The parameterization replacement scheme for cloudiness in version 2 dramatically changed all the parameters, and the ECS more than doubled to 3.8 K. ERF increased to 3.8 W m−2, without changes to the radiation code because ΔCREINST changed from −0.88 W m−2 to −0.13 W m−2. Additionally, the climate feedback parameter increased from −1.46 W m−2 K−1 to −1.0 W m−2 K−1. In version 2, global warming was associated with decreased cloudiness at all levels. The net cloud radiative feedback became positive. Version 2 yielded significantly increased net and SW cloud radiative feedbacks at all latitudes compared with version 1. Analysis of the sensitivity experiment results of versions 3–5 helps understand the mechanisms of these significant changes.
Version 3 features a suppressed mechanism of high tropical cloudiness due to decreased convective mass flux and higher ECS than version 2 (4.1 K); however, the change is not very pronounced. The LW CRF in the tropics increases in version 3 compared to version 2. The decrease in SW CRE is not very pronounced; therefore, increased net CRF increases ECS. This confirms our hypothesis that suppressing the decrease in tropical cloudiness should increase ECS and that the impact of this mechanism on ECS is noticeable but not very strong.

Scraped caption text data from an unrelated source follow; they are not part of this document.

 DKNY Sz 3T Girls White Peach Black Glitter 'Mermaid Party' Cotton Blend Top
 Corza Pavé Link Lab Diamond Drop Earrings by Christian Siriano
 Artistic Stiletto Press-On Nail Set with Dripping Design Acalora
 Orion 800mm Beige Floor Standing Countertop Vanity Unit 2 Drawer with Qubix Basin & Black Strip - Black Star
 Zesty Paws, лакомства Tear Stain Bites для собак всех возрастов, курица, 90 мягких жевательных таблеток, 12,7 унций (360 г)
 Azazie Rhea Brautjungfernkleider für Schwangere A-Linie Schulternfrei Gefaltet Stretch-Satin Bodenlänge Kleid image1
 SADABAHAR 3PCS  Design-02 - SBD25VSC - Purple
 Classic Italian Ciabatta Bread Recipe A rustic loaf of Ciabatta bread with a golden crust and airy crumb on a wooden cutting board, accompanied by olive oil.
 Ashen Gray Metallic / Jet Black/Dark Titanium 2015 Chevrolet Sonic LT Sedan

ECS is noticeably lower in version 4 (2.9 K) than in version 2. Thus, the mechanism of the decrease in boundary layer cloudiness due to decreased cloudiness generation by boundary layer turbulence is crucial for ECS. SW and LW CRF decreased in version 4 compared to version 2, primarily in the tropics and subtropics.
The mechanism of increased cloud dissipation under global warming conditions was suppressed in version 5, ECS was reduced to 2.5 K, and the climate feedback parameter decreased to −1.56 W m−2 K−1. Additionally, the SW CRF decreased in version 5 compared with version 4, primarily in the tropics and subtropics. In this version, all the mechanisms that decrease clouds with increased temperature, as raised in the previous section, are suppressed. The principal reason for the ECS difference between versions 1 and 5 is the instantaneous adjustment rather than the feedback (see Table 1). ΔCREINST values in versions 1 and 5 were −0.88 and 0.16 W m−2, respectively.
Our results confirm those by Bony et al. (2006), Brient and Bony (2012), and others that a significant change in the response of low clouds to global warming leads to significant changes in cloud radiative feedback and ECS.